In the article Breakthrough Starshot tricks out massive telescope for planet hunting there is casual mention of a "phased array of lasers in the 100GW range" that will propel a gram scale spacecraft to 0.2 c in a matter of minutes. That gave me pause, but usually when you read about huge powers of laser beams they are pulsed at nanoseconds or picoseconds, and the actual average power is modest.
But it works out. Just doing approximate math, the momentum of the spacecraft (non relativistic approximation) will be:
$$p_{sat} = m_{sat}v_{sat} = 0.2mc = \text{0.2} \times \text{0.001} \times \text{3E+08} = \text{6E+04 kg m/s.}$$
For photons, the energy is related to the momentum as simply:
$$E = pc$$
so you don't have to specify any particular wavelength. If the sail were a perfect mirror at normal incidence, reflecting light gives you double the momentum kick, since you're actually reversing the momentum of the photon, but let's assume 50% efficiency. Thus
$$E_{tot} = p_{sat}c = \text{6E+04} \times \text{3E+08 kg m}{}^2 / \text{s}^2$$
or 1.8E+13 Joules, or, yes, 100 Gigawatts for the time it takes to cook a three minute egg.
For three full minutes, this laser array will be using power at roughly the same rate that the US uses at peak demand. I think the idea is that you can't do it slowly, or the satellite will get too far away too soon.
There can't be a single laser with this much power, it would be a very large phased array of smaller lasers.
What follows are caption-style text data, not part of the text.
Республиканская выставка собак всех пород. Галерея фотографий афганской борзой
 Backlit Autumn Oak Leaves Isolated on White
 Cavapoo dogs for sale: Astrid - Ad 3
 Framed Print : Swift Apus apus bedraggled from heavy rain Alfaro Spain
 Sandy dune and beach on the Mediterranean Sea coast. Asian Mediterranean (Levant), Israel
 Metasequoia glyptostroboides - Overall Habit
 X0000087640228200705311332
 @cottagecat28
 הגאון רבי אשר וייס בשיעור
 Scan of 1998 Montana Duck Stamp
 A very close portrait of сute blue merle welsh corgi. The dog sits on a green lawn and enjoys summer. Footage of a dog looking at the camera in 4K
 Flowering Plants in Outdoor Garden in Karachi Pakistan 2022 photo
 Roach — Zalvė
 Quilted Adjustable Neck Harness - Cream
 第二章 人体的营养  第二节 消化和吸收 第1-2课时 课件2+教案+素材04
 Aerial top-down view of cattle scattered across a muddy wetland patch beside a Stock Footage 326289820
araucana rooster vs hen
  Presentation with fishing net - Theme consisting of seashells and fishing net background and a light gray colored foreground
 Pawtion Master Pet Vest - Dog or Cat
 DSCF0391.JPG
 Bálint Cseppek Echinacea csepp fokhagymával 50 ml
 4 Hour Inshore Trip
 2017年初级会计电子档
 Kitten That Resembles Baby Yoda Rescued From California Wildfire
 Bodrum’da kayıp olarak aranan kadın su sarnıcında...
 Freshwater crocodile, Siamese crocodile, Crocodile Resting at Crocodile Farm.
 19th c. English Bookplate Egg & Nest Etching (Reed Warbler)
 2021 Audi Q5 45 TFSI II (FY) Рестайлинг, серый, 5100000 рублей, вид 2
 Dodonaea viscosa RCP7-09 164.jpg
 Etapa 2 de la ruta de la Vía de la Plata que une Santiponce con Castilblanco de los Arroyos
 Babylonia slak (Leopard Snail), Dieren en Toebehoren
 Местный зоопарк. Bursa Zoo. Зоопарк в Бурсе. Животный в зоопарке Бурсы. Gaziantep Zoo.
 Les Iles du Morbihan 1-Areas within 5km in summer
That means they would have to be phase-coherent at optical frequencies to synthesize a beam spot on the moving satellite narrow enough to get most of the power on to it's sail.
Is there any quantitative discussion how this power might be stored and then delivered, and how atmospheric seeing might be compensated coherently across the entire distributed array simultaneously?